David Z. Pan received his Ph.D. degree in Computer Science from University of California at Los Angeles (UCLA) in 2000. Prior to joining the UT faculty, he spent three years as a Research Staff Member at IBM T. J. Watson Research Center's VLSI Design Automation Department, where he contributed to various key aspects of Placement Driven Synthesis (PDS)—IBM's flagship design closure tool, which won IBM Research 2002 Outstanding Accomplishment. His research interests include: nanometer physical CAD, design for manufacturability (DFM), variation-tolerant designs, VLSI interconnects, novel circuitry and CAD for low power, vertical integration of architecture, circuit and technology. Dr.

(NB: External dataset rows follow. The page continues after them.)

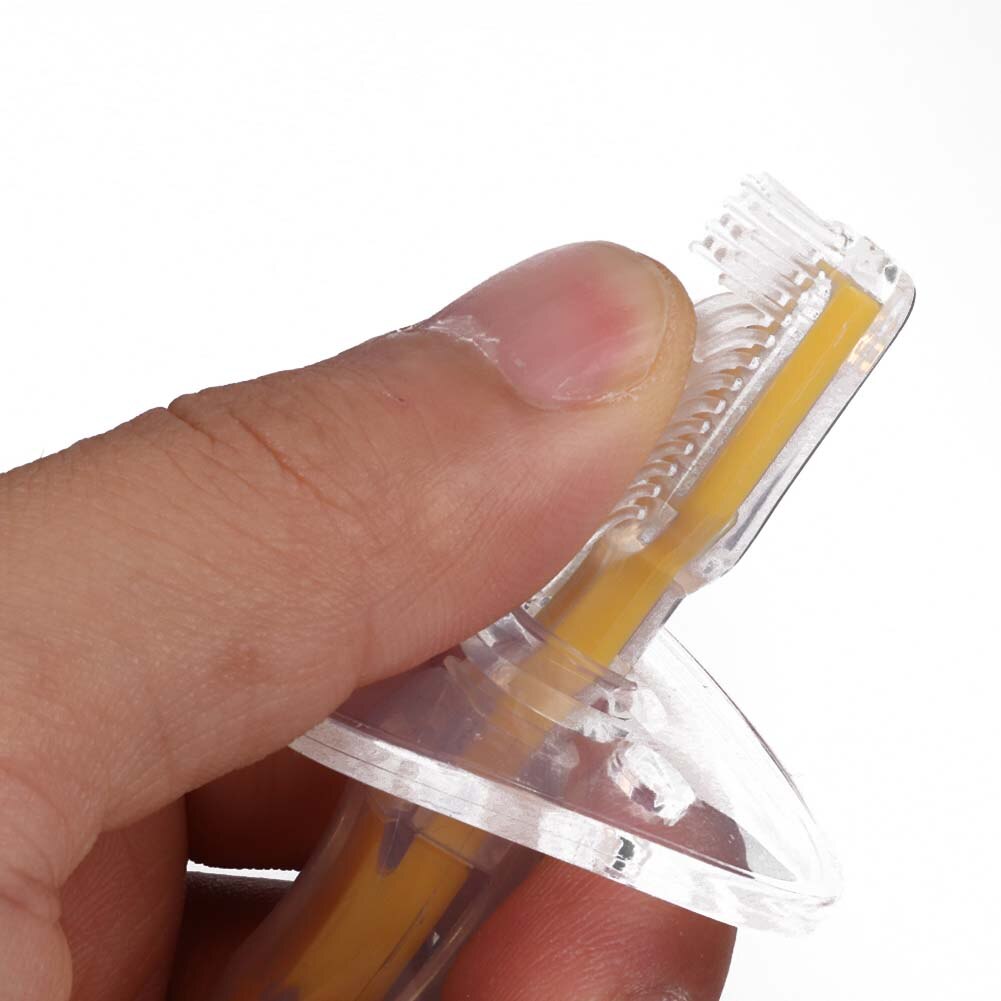 2 Stuks Baby Baby Tandenborstel Zachte Siliconen Tanden Massage Borstel Tanden Schoonmaken Tool Baby 'S Training Tandenborstels Tandheelkundige Zorg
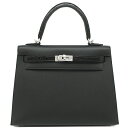 エルメス HERMES 2WAYバッグ ケリータッチ25 外縫い ニロティカス ヴォ―マダム ブラック シルバー金具 新品 未使用 黒 クロコ ショルダー U刻...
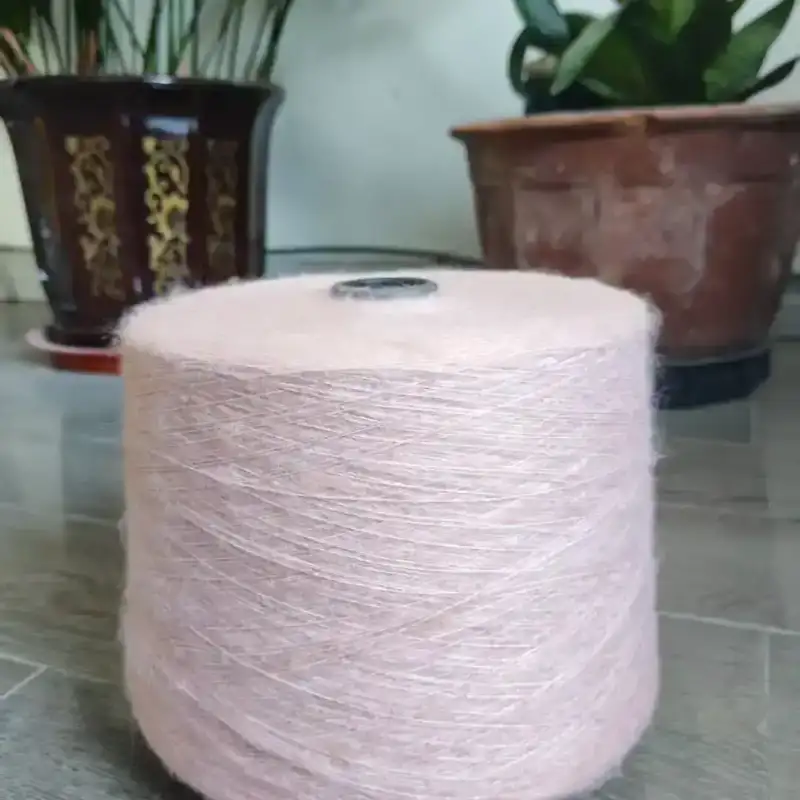 China Yarn for Ladies Vest (Sweater),Open Cardigan (Sweater) Mossy Yarn Fancy Yarn Acrylic Polyester Spandex pink color buy from China wholesaler bulk order at wholesale price free worldwide shipping Alibaba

Pan is an Associate Editor for IEEE Transactions on Computer Aided Design of Integrated Circuits and Systems (TCAD), and IEEE Transactions on Circuits and Systems II: Express Briefs (TCAS-II), from January 2006. He is a member in the Design Technology Working Group of International Technology Roadmap for Semiconductor (ITRS). He has served in the Technical Program Committees of many key VLSI/CAD conferences, such as ICCAD, ISPD, DATE, ASPDAC, ISQED, ISCAS, SLIP, GLSVLSI, and ICICDT. He is the Program Committee Chair for ISPD 2007, CAD track Co-Chair for ISCAS 2006 and 2007, Design of Reliable Circuits and Systems (DFR) Track Chair for ISQED 2007, Publicity Co-Chair for SLIP 2003, and Local Arrangement Chair for GLSVLSI 2002. He is a member of the ACM/SIGDA Technical Committee on Physical Design. He is a Technical Advisory Board member of Pyxis Technology, Inc. Dr. Pan has received the Best Paper in Session Award from SRC Techcon 1998, IBM Research Fellowship in 1999, Dimitris Chorafas Foundation Award in 2000, SRC Inventor Recognition Award in 2000, Outstanding Ph.D. Award from UCLA in 2001, IBM Research Bravo Award in 2003, IBM Faculty Award in 2004–2006, the ACM/SIGDA Outstanding New Faculty Award in 2005, and Best Paper Award Nominations at DAC 2006 and ASPDAC 2006. Dr. Pan is a Senior Member of IEEE, and a member of ACM/SIGDA, SPIE, and ASEE.